SAO PAULO (Reuters) - Nico Rosberg won the Brazilian Formula One Grand Prix for the second year in a row on Sunday and denied Mercedes team mate Lewis Hamilton a first success in the homeland of his late hero Ayrton Senna.
Triple champion Hamilton, who has now failed in nine attempts to win in Brazil, finished 7.756 seconds behind for Mercedes’s 11th one-two in 18 races so far this season.
Ferrari’s Sebastian Vettel finished third for his 79th podium finish.
“Yeah guys, awesome,” whooped Rosberg after controlling the race from pole to chequered flag.
He and Hamilton had been separated by less than a second for 10 laps after the first pitstop but the gap then widened.
“It was a good challenge from Lewis but I was able to control the pace,” added the German, who refrained from too much exuberance on the podium out of respect for the victims of Friday’s Paris attacks.
“We saw Lewis dropping off a lot with degradation and that confirmed it was important to take care of the tyres.”
The victory in the season’s penultimate race was Rosberg’s fifth of the year, second in a row and 13th of his career, and secured the German second place in a championship already won by his British rival.
“I had good pace, it’s just you can’t overtake here,” said Hamilton, who started on the front row alongside Rosberg but could not find a way past his team mate into the opening corner despite trying hard.
“I just killed my tyres. It’s such a great track but you can’t get close enough to race,” he added after his planned two stops turned into three.
The Briton, who clinched his third championship in Texas last month, has spoken much of his wish to emulate triple champion Senna — who took eight attempts to win his home race — but he will have to wait another year.
The harder he tried, the more he suffered from tire degradation even if he at least set the fastest lap as a consolation.
Ferrari’s Kimi Raikkonen finished fourth with compatriot Valtteri Bottas fifth for Williams and securing that team’s third place overall for the second year in a row.
Force India’s Nico Hulkenberg was sixth with Red Bull’s Russian Daniil Kvyat seventh.
Brazilian Felipe Massa, who took his last grand prix win at Interlagos in 2008, finished eighth for Williams but was then excluded by stewards for having an overheated rear tire before the start.
That lifted Frence’s Romain Grosjean up a place, with Max Verstappen ninth for Toro Rosso after some standout overtaking moves by the 18-year-old Dutch rookie in a race short on excitement.

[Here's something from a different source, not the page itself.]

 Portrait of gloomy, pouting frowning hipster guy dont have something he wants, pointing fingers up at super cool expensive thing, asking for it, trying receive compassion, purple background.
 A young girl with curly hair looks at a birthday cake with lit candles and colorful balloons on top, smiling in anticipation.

Venezuelan Pastor Maldonado was 10th for Lotus, despite collecting a five second penalty for banging into Sauber’s Marcus Ericsson as he tried to pass on lap 32 of 71.
Verstappen’s team mate Carlos Sainz started from the pitlane after his car broke down on the way to the grid and he then retired on the opening lap.
McLaren had another miserable afternoon, with little to laugh about after Jenson Button and Fernando Alonso made a joking visit to the podium on Saturday, with the pair 14th and 15th respectively after Massa’s exclusion.